Inspired by [21], we propose a EFD module leveraging a well-known fact that a feature has higher activation in a focused region than weakly textured regions in Fig.5 (right). The EFD module employs a 2D max-pooling as a downsampling operation and applies a 3D convolution to its output. Through our EFD module, our network can both take representative values of focused regions in a local window and communicate the focal feature with neighbor focal slices.

3.3 Aggregation and Refinement

Our network produces a final depth map after multi-scale feature aggregation and refinement steps.

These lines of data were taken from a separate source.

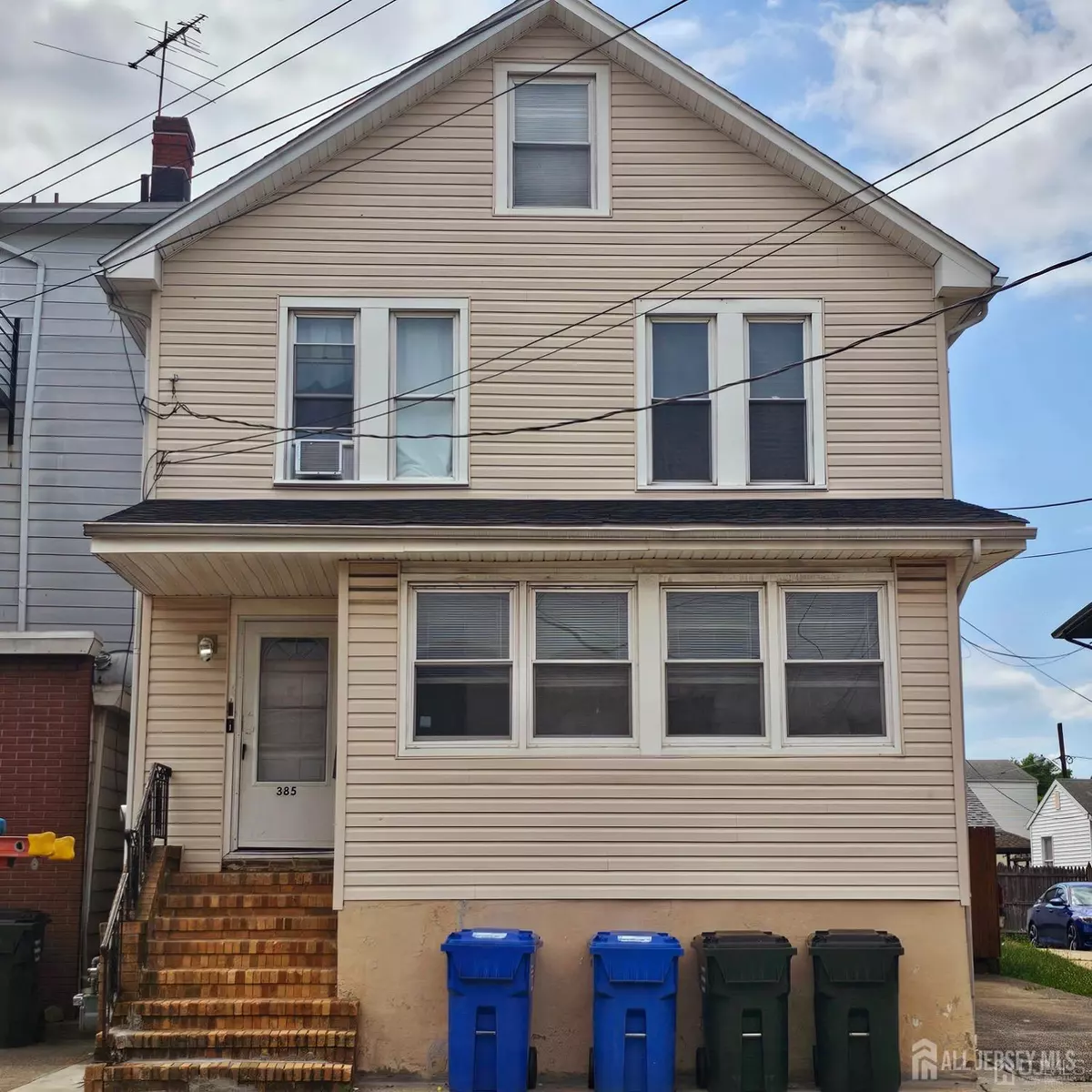 Woodbridge Proper, NJ 07095,385 School ST #1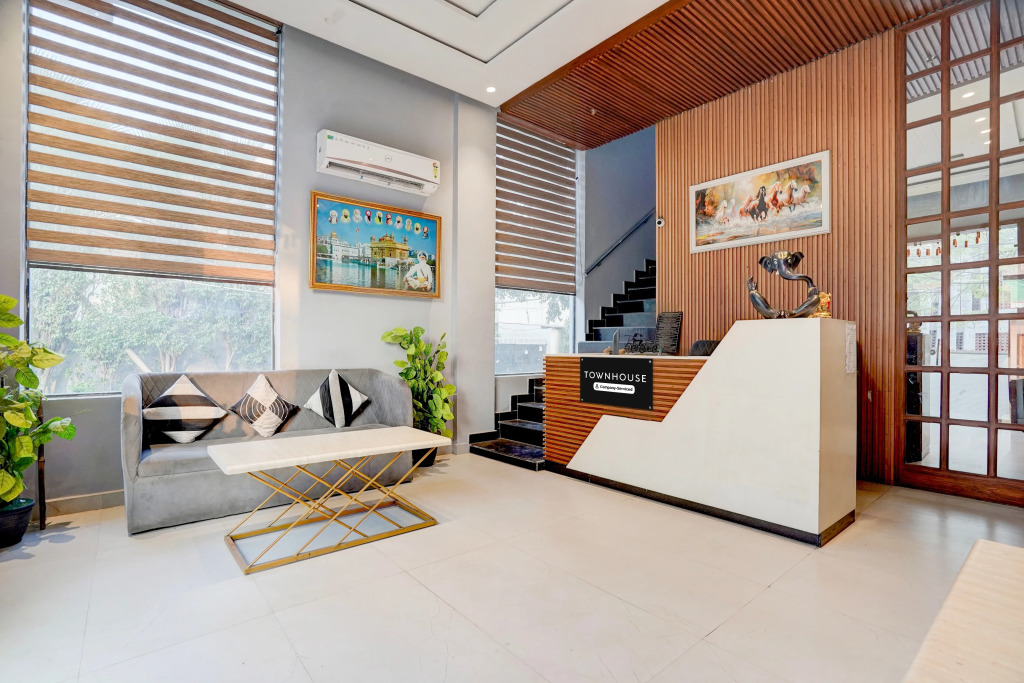 Super Townhouse by OYO Red Cross Amritsar Formerly Amar Villa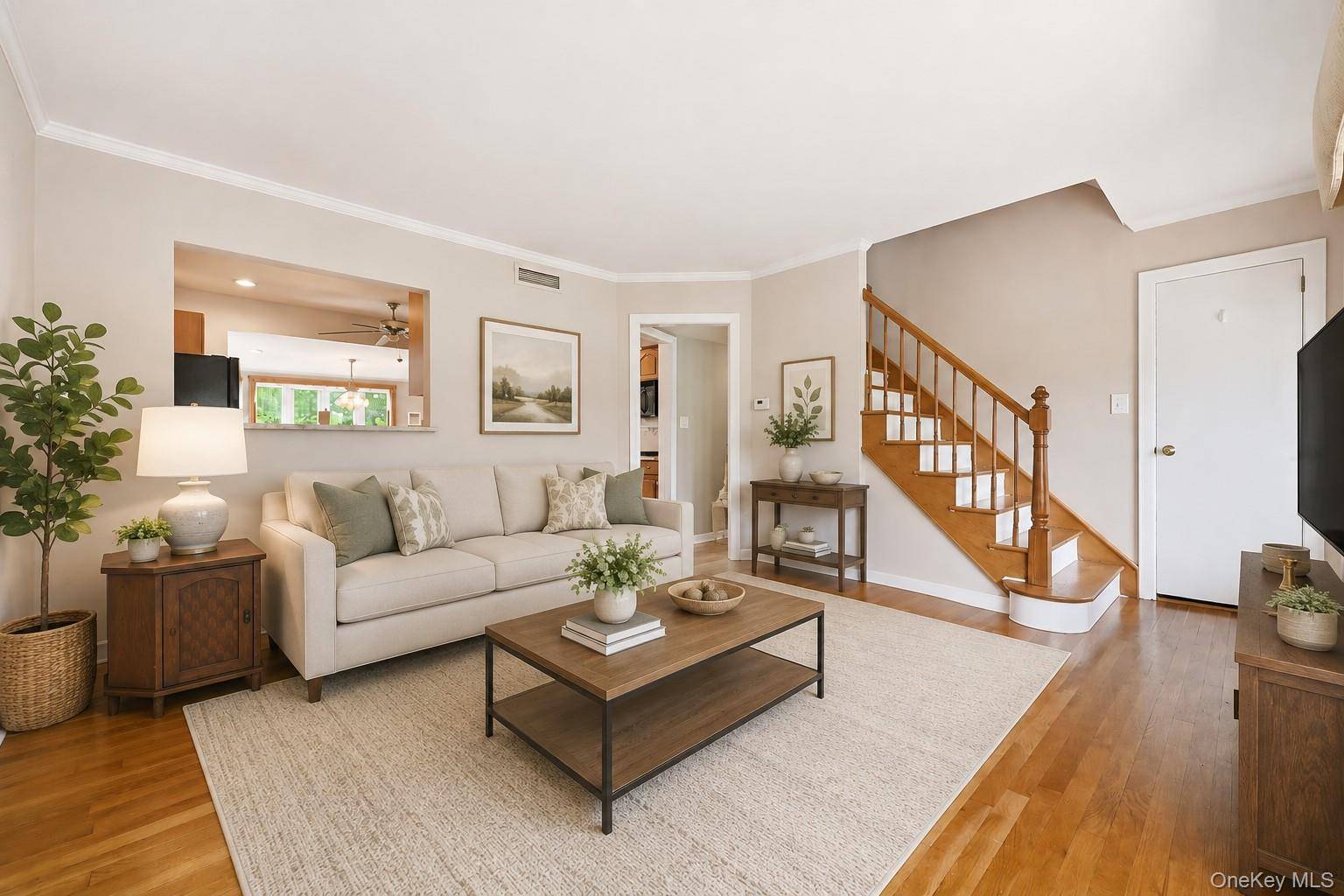 303 Caroline AVE, Garden City South, NY 11530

Multi-scale feature aggregation. The receptive field of our feature extraction module might be too small to learn non-local features. Therefore, we propose a multi-scale feature aggregation module using one hour-glass module to expand the receptive field, which is similar to the stereo matching network in [32]. At an initial step, we use three different sizes of kernels (2 $\times$ 2, 4 $\times$ 4, 8 $\times$ 8) in the average pooling layer. Unlike [32], the reason for using average pooling is to avoid a memory consumption issue because DfF requires more input images. We then apply a ResBlock on each output of average pooling in order to extract multi-scale features. These features are embedded into the encoder and aggregated by the decoder of the hour-glass module. The aggregated feature volume is utilized as an input in the refinement step.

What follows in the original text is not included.